Mais ce geste manifeste d'hostilité résolue n'était pas sans ambiguïté, en l'absence de mot d'ordre clair et de consignes pratiques. Il s'ensuivit une situation propice à tous les contentieux, puisque ces sommes peuvent être assimilées à du salaire différé. La responsabilité étant finalement laissée à chacun, il semble que 80 % des entreprises se soient acquittées de leurs obligations.

Dès lors, il fallait sortir du piège, camoufler l'échec, et tenter de retourner la situation à son avantage. C'est ce qui fut fait en décidant que la nouvelle association pour la gestion du fonds de financement (AGFF), destinée à remplacer l'ASF, prendrait officiellement naissance au 1er avril.Ainsi, tout en acceptant de repousser de deux ans le règlement du dossier des retraites, le Medef s'offrait le plaisir d'introduire une pilule empoisonnée. Et, au prix de contradictions, accordait un cadeau à toutes les entreprises, exonérées de cotisations pour un trimestre. Il est " un peu étrange ", dira-t-on à Bercy, que " le Medef, qui donne des leçons de finances publiques, prenne pour première décision d'enlever 10 milliards de francs, pour marquer telle ou telle mauvaise humeur.
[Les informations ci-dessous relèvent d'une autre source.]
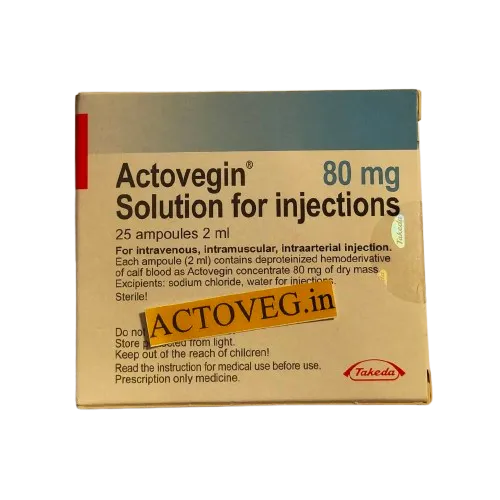 Actovegin 80 mg. 25 injections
Cela relève du paradoxe ". 

Sans que le reproche encouru puisse être aussi fort, puisqu'il s'agit de financer une bonne cause, le gouvernement n'a pas été mieux inspiré sur un dossier voisin, quelques jours plus tard. Selon une logique tout aussi curieuse, Elisabeth Guigou, ministre de l'emploi et de la solidarité, a annoncé que l'allocation personnalisée à l'autonomie, appelée à succéder à la prestation dépendance, serait en partie alimentée par le Fonds de solidarité vieillesse (FSV), créé pour assurer des avantages retraite aux personnes relevant de la solidarité. Pour prévenir les critiques, la ministre objectera aussitôt que, le nombre de bénéficiaires du minimum vieillesse étant en baisse, rien n'interdisait ce qui pouvait être vu comme une entorse. Il n'empêche. Pour répondre aux besoins estimés de la future allocation personnalisée à l'autonomie, élargie, 5 milliards de francs seront dégagés par l'affectation de 0,1 % du montant (1,15 %) de la contribution sociale généralisée (CSG) actuellement affecté au Fonds de solidarité vieillesse. Ce à quoi s'ajouteront encore, entre autres, les contributions des caisses de retraite elles-mêmes.

Un nouvel établissement public, le " fonds national de financement de l'allocation personnalisée à l'autonomie ", sera prochainement constitué pour collecter ces moyens supplémentaires. 

Mais, dans la foulée, on peut se demander pourquoi, à nouvelle prestation de solidarité nationale, répondant à un besoin social qui ne fera que se développer avec le vieillissement de la population, n'a pas correspondu un affichage clair de l'origine des ressources nécessaires à une politique aussi ambitieuse. Au lieu de cela, on a pris le risque de brouiller les pistes en ponctionnant des réserves prévues pour les retraites. Pis, on a ajouté de l'incohérence, à un moment où tout un chacun s'interroge sur le financement futur de ces mêmes retraites. L'opinion peut-elle comprendre ces petits tours de passe-passe et cette drôle de guerre qui paraît tant plaire aux états-majors ? Il ne le semble pas. Inquiets pour leurs retraites, les Français estiment, pour 58 % d'entre eux, que la politique sociale du gouvernement est mauvaise, selon un sondage BVA publié par le bimensuel L'Expansion du 15 février. Au sein des partisans de la gauche plurielle, ils sont même 49 % à partager ce point de vue, qui atteint un niveau record depuis la création de cet indicateur en novembre 1998. En écho, un autre sondage, réalisé par CSA et publié dans L'Humanité du 22 février, tend à montrer que 58 % des salariés ne sont pas satisfaits de la politique du gouvernement en matière de lutte contre le chômage. Une forme d'impatience sourd.Alain Lebaube.